ID Card Bill powers need more scrutiny, says Select Committee

The Select Committee on Delegated Powers and Regulatory Reform has concluded that Parliamentary scrutiny of the ID Card Bill needs to be enhanced. It described powers being sought in the Bill by the Home Secretary as "inappropriate."

Unlike three other Parliamentary Committees which have criticised the substance of the Government's ID Card proposals, this Committee was established in the 1990s to counter "the considerable disquiet over the problem of wide and sometimes ill-defined order-making powers which give Ministers unlimited discretion". In other words, the Committee looks at whether the executive arm of Government is seeking excessive powers or whether the powers being sought are subject to sufficient scrutiny by Parliament.

In relation to whether public services should be conditional upon an ID check, the Committee stated, "we consider it is not appropriate to leave the application of that policy to subordinate legislation" – i.e. it should not be left to the discretion of Ministers.

In relation to the Government's mechanism to make the ID Card compulsory, it wrote: "We consider that the super-affirmative procedure is not an appropriate alternative to a bill for potentially controversial measures of great public concern".

In both cases, the Committee suggested that these issues be determined by fresh primary legislation at a later stage in the ID Card project.

In relation to a wide power to disclose personal data from the ID Card database without consent of the cardholder the Committee wrote: "we consider it to be inappropriate unless it can be shown to be justified."

The justification proffered by the Home Office – that "it is regarded as essential to have a reserve power to use in the public interest if it should be necessary" – was dismissed as "an insufficient justification".

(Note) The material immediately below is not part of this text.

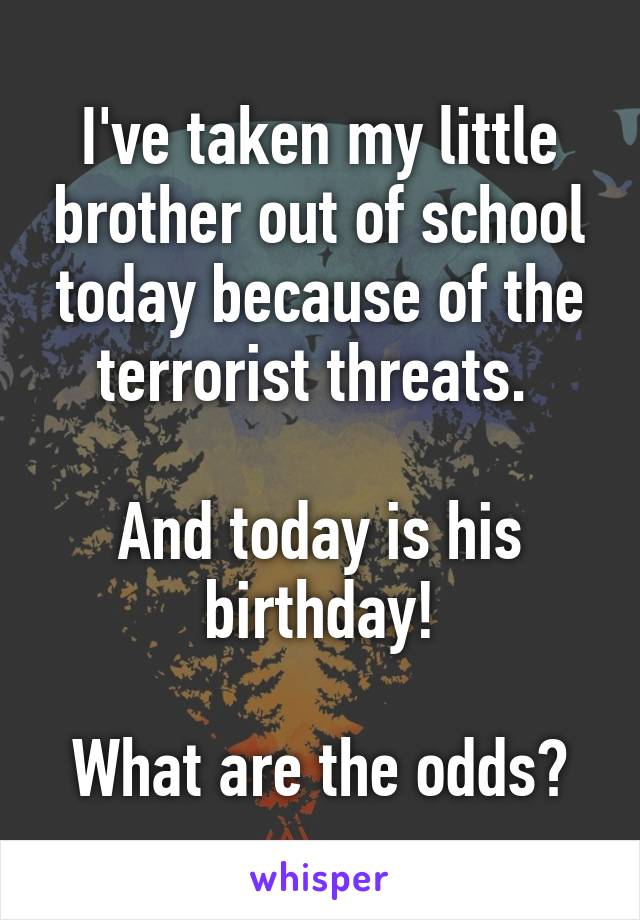 I've taken my little brother out of school today because of the terrorist threats.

In relation to order making powers which relate to consent, the Committee said: "We are not persuaded that the case for so wide and significant power has been made".

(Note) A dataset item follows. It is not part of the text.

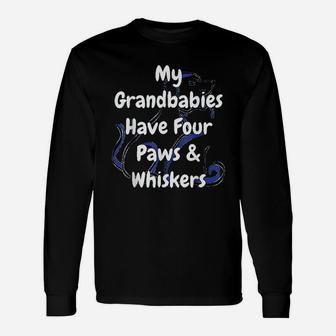 Dog And Cat Love My Grandbabies Have Four Paws And Whiskers Long Sleeve T-Shirt - Seseable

On the powers which relate to the content of the database, the Committee noted that, "the power is not necessarily limited to information needed to prove identity" and "extends to matters such as previous addresses, terms of residence in different parts of the UK and elsewhere and an 'audit trail' of disclosure of register entries".

The Report thus adds to the weight of the three other Parliamentary scrutiny Committees who are expressing alarm on substantive privacy matters:

  • The Joint Committee on Human Rights (JCHR) Report stated last month that the database associated with the ID Card risks infringing the state's obligation to respect private and family life.
  • In the same week as the JCHR Report, the Constitution Committee reported that the ID Card scheme so alters the relationship between the state and the individual that the Home Secretary should not be in charge of the ID Card's database.
  • The Home Affairs Select Committee called the powers in relation to the database "unacceptable."

Each of the above reports contain detailed evidence from the Home Office concerning the provisions in the ID Card Bill. In most cases, the critical comments found in the various Committees' Reports show that this evidence has failed to assuage these Committees of their concerns.